Guitar Hero: Metallica won't be the first time Activision has dedicated a retail release of its musical juggernaut to one band, though from what we saw of the game at an event in San Francisco earlier this week, it's looking like a much more attractive package than Guitar Hero: Aerosmith.
Part of this is due to the fact that Guitar Hero: Metallica will feature the basic framework of Guitar Hero World Tour, providing players with the full band experience, rather than limiting it just to guitars. Indeed, Guitar Hero: Metallica promises virtually every feature found in World Tour, including the character creator, the music generator, and support for DLC. That DLC support, though, seems to have been thrown in for the sole purpose of letting you play the previously released downloadable version of Death Magnetic in Guitar Hero: Metallica, as the game won't be supporting any non-Metallica DLC. Metallica.
As many cues as the game takes from World Tour, it definitely makes some changes to create an experience that is more, uh, Metallic. The career mode will open with you playing two songs as Metallica, though after that quick glimpse of the band, you'll be put in the shoes of a new band that dreams of opening for Metallica. It's here that Guitar Hero: Metallica brings to bear my least favorite characteristic of the latter-day Guitar Hero games, the cartoon cutscenes. Does Guitar Hero really benefit from some slapsticky pantomime story that pits your new jeans-and-black-t-shirts band against a disgruntled hair-metal rocker? Does Metallica?
Still, there should be plenty for Metallica fans to like here, beyond all the music. There will also be a wealth of Metallica-related extras on the disc, including live footage of the band in concert, behind-the-scenes footage of the band's motion-capture sessions, old show flyers, handwritten lyric notes, and more.
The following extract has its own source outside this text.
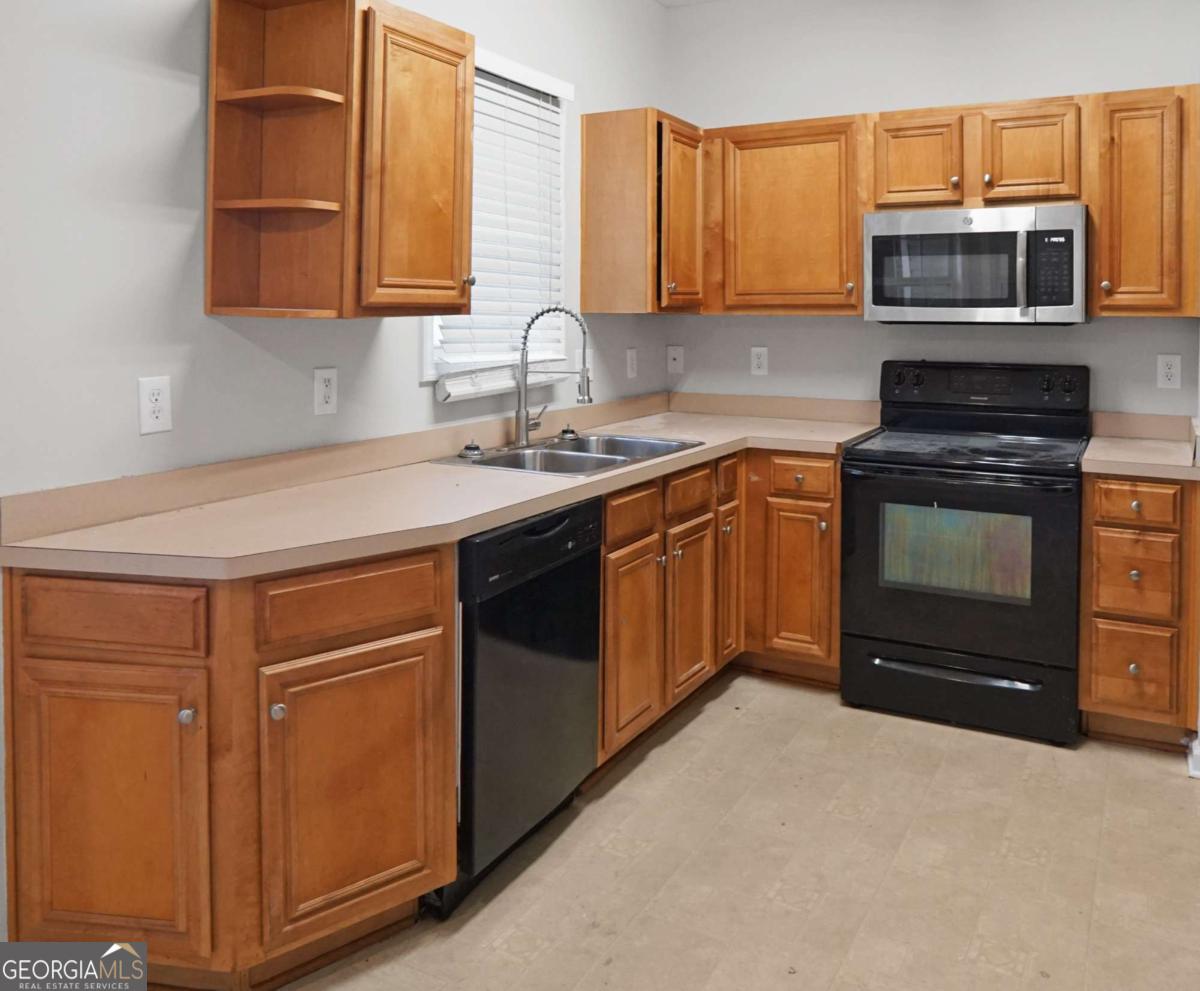 2555 Flat Shoals Road South Fulton GA 30349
Probably the most material change that Guitar Hero: Metallica will make to the World Tour formula is support for a second kick pedal, letting you get into some double-bass-drum action. This is a feature that, while I appreciate its presence on an academic level, is totally beyond me, simply because it requires a level of skill I do not possess. In fact, Guitar Hero: Metallica features a difficulty level beyond Expert (simply called Expert+) which is the only place that you'll be able to use the double kicks.
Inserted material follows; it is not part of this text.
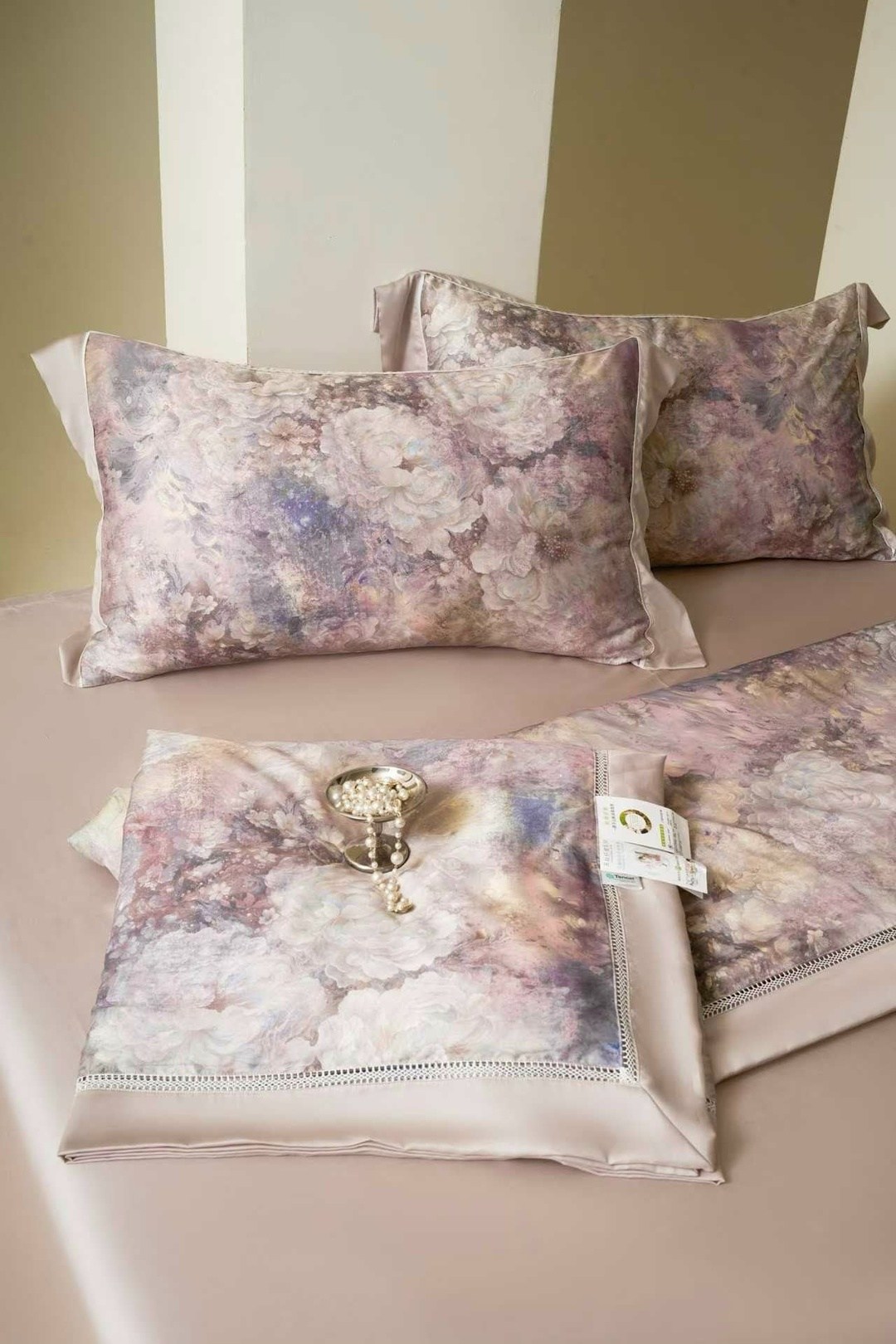 комплект постельного белья с одеялом blumarine,комплект постельного белья с одеялом,комплект постельного белья,комплект постельного белья с готовыми одеялами,комплект одеяло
While there will be music from other acts in the game, Metallica is unquestionably the star of the show, and our enjoyment of the experience is sure to hinge at least partly on your affinity for the band. Even as someone whose interest in Metallica starts and stops at the Black Album, it's hard for me to ignore the technical complexity that is inherent to much of the band's music, which definitely came through in the gameplay. This seemed particularly true of the guitar parts, though that's not terribly surprising for a game called Guitar Hero.
Addition by Brad, lapsed Metallica fan: I feel like a bit of a hypocrite in talking about this game, because like Ryan, I didn't much care for GH: Aerosmith. That's largely because, you know, I don't much care for Aerosmith, either. But I did spend most of junior high and high school expunging my angst to the crunchy tune of Metallica's first five albums, so I got really excited the moment I picked up a guitar controller and starting scrolling through GH: Metallica's track list. It seems to lean toward those five albums, which is fine by me, since the band kind of lost me during the lull after the Black Album. There's a ton of Metallica's early big hits in here, including "Fade to Black," "Battery," "For Whom the Bell Tolls," and "Master of Puppets." I could have done with "And Justice For All," but as it stands, this is a really solid track list for current and past Metallica fans.
I guess your interest in these band-specific music games really does depend on your affection for the band itself. Who woulda thunk it? Oh yeah, and I think the polygonal versions of the band members (visible in these screens) are actually pretty good, and less cartoonish than the Aerosmith dudes. Though, as someone who hasn't actively paid attention to Metallica in a few years, I can't help thinking Rob Trujillo looks a little out of place, with his braids and metalhead sports gear. I saw literally no sign of Jason Newsted or Cliff Burton in the game whatsoever, which is certainly understandable in the 3D band action. I hope they're at least represented in some of the bonus material somewhere, though I'm not holding my breath on that one.